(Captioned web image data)

####################

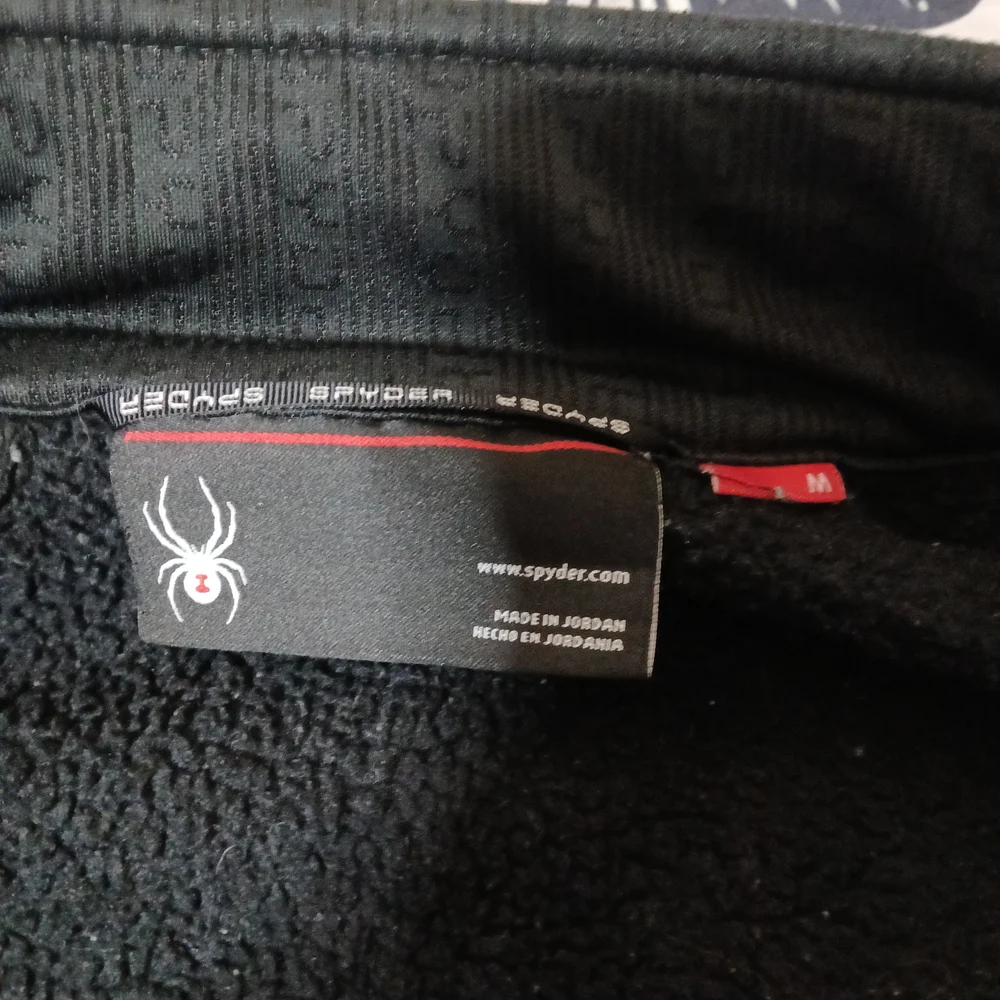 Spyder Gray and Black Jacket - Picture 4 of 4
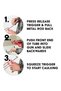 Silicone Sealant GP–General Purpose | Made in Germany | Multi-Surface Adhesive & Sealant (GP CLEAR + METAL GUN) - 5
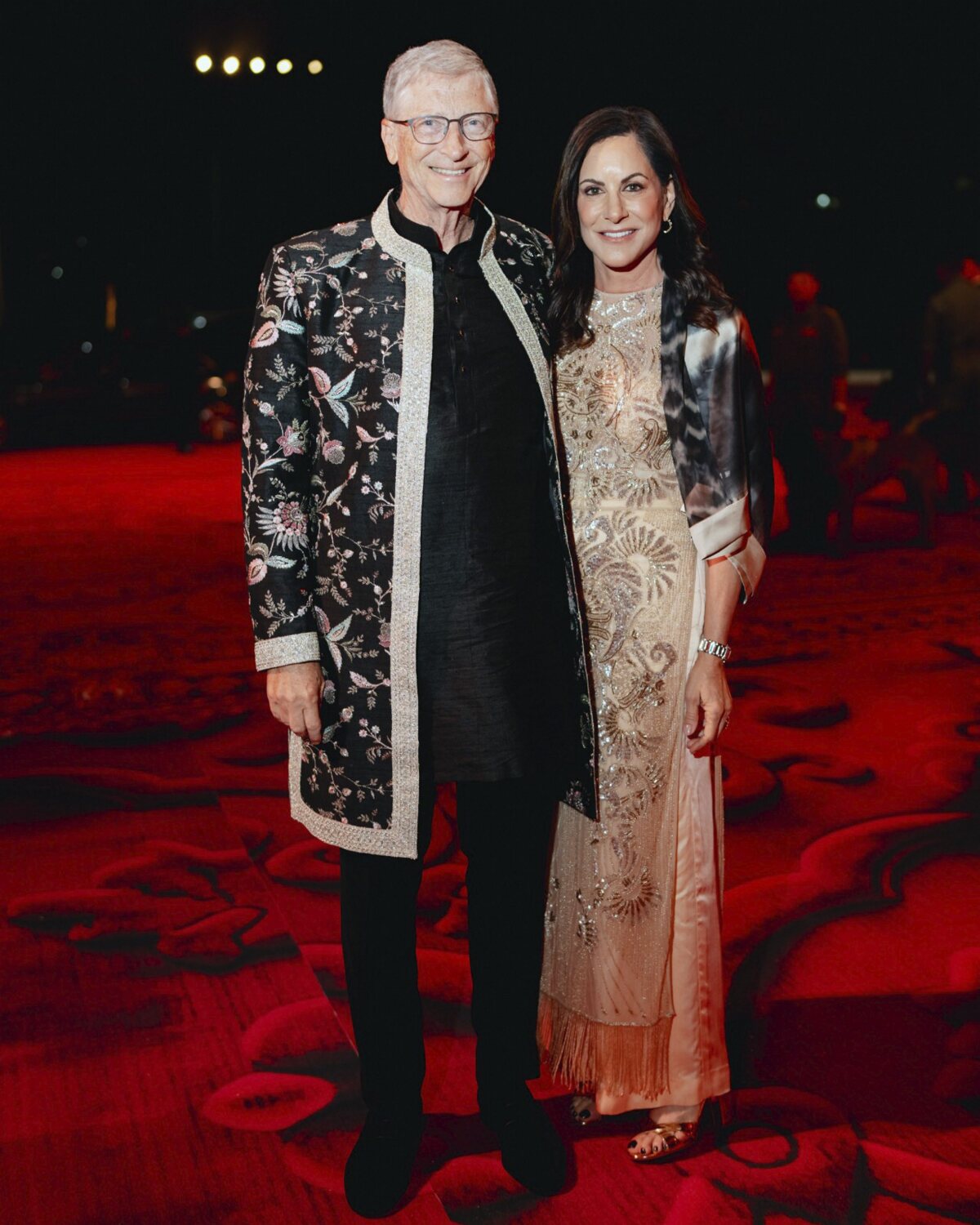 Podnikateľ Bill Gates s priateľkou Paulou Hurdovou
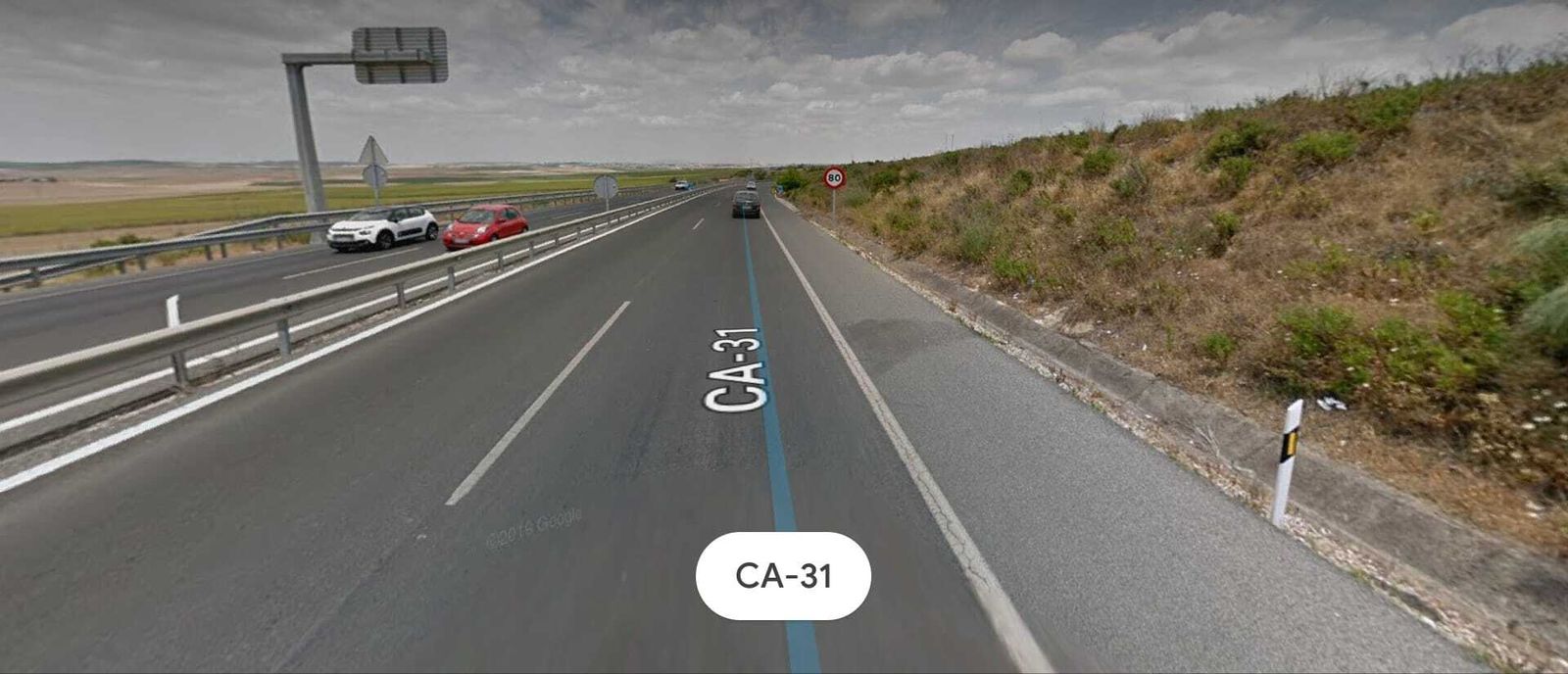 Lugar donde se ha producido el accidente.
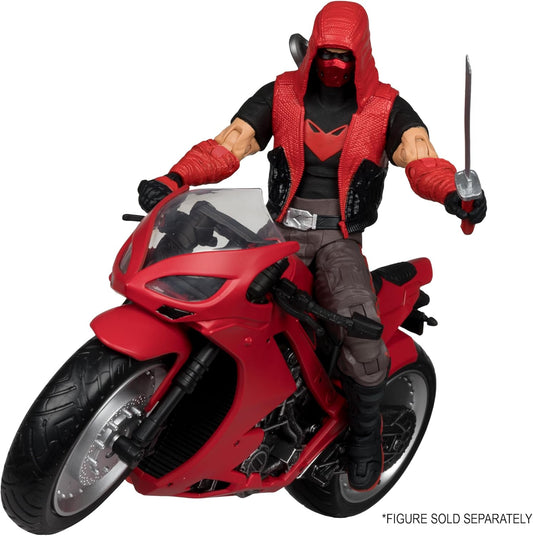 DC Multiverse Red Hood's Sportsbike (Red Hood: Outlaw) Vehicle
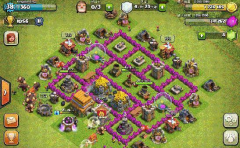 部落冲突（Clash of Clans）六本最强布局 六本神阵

####################

Please transcribe exactly the lines from the one that contains "Silicone Sealant GP–General" through the closing line of the entries, with no pictures.

RESPONSE:
 Silicone Sealant GP–General Purpose | Made in Germany | Multi-Surface Adhesive & Sealant (GP CLEAR + METAL GUN) - 5
 Podnikateľ Bill Gates s priateľkou Paulou Hurdovou
 Lugar donde se ha producido el accidente.
 DC Multiverse Red Hood's Sportsbike (Red Hood: Outlaw) Vehicle
 部落冲突（Clash of Clans）六本最强布局 六本神阵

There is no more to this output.